I am familiar with the L1 basis pursuit and sparse reconstruction methods of Donoho and Candes.

With only four standards, I think there is barely enough information to provide a six-point calibration uniquely (given that one only is finding S11 and S21). More data would be needed, but obtaining reliable standards would be tricky. Perhaps, for example, one could use shorted stubs of various lengths as standards, and try to fit the lengths of the stubs.

I think L1 minimization is only good for sparse problems, and I don't think VNA calibration is sparse, unless you plan to basically only find a limited subset of calibration corrections that best correct the data. But if you want to find a fully dense set of calibration variables, there is no way around simply needing more data.

The problem is highly nonlinear. One way to solve it in practice is to use iteratively reweighted least squares, which can be set up so that minimizes a L1 norm. This is a variation on the Levenberg-Marquardt method, where you would find the Jacobian matrix that describes the partial derivatives of the data with respect to the calibration parameters, and then do invert this matrix to solve for the best fit parameters, adjusting weights as you go to favor one parameter over the other, the parameters representing hypothesis about which model best fits the calibration standards.

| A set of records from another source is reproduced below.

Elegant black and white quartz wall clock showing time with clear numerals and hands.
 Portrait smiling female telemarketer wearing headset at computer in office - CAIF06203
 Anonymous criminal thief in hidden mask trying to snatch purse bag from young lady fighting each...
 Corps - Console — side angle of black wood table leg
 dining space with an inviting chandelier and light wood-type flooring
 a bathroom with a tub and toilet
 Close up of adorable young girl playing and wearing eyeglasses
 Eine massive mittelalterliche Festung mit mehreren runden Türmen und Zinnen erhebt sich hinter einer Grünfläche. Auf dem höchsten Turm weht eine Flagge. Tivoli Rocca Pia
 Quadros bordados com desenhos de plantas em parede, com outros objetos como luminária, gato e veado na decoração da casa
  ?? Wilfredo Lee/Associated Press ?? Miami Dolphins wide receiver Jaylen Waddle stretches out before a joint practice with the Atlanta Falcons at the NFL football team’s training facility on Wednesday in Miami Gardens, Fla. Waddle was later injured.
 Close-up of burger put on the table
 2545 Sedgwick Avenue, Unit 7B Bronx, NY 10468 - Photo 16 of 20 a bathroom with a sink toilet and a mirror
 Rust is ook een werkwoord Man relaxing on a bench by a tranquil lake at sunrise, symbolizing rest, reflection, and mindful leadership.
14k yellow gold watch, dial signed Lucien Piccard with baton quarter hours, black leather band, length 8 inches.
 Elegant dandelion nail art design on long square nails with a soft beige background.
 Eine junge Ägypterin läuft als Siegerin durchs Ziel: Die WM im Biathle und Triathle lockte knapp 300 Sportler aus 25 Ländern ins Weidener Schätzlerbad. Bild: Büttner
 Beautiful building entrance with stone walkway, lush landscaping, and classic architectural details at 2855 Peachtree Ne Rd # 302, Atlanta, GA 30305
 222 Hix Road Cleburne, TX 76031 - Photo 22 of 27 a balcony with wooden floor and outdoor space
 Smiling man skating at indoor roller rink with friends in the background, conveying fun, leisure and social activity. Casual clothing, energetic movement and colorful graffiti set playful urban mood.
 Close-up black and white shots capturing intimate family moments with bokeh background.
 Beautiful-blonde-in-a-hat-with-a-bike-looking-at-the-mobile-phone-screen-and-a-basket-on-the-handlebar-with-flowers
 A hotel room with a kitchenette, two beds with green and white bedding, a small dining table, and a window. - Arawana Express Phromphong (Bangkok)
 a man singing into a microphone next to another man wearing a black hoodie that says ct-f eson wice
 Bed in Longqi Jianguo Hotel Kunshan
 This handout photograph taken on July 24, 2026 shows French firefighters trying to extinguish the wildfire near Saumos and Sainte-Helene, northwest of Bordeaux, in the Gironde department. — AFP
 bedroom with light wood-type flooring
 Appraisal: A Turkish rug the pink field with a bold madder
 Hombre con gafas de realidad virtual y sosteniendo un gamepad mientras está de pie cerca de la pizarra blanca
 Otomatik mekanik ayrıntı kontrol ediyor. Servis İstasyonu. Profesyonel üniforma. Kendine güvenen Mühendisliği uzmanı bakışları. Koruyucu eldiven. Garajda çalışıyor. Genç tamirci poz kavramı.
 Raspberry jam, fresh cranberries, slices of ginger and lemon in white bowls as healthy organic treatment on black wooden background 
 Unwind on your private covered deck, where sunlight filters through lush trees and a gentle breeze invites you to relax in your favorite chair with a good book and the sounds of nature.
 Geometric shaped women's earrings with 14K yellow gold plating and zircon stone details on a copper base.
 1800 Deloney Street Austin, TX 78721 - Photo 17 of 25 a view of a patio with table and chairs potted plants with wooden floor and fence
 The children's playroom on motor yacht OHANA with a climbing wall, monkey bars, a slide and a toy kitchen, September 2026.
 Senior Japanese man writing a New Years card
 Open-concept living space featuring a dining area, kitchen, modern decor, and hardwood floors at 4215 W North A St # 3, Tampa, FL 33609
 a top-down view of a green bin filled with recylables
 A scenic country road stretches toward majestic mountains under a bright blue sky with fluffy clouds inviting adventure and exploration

For the VNA I built, I wrote down a brief description of the calibration method I used. It was very simple and worked:

https://github.com/profdc9/VNA/blob/master/doc/VNA%20calibration%20method.pdfMight I suggest that the NanoVNA (and my design) have some problems that probably make a method like this overkill and not likely to result in much improvement in practice? Designs using the SA612 are susceptible to thermal drift, even though they are partially thermally compensated. Also, the codec clock is not synchronized with the SI5351A clock on the NanoVNA, so there is phase error that accumulates over a longer interval. I have triggered the data acquisition off of the intermediate frequency signal to try to remedy this problem and have obtained higher dynamic range as a result.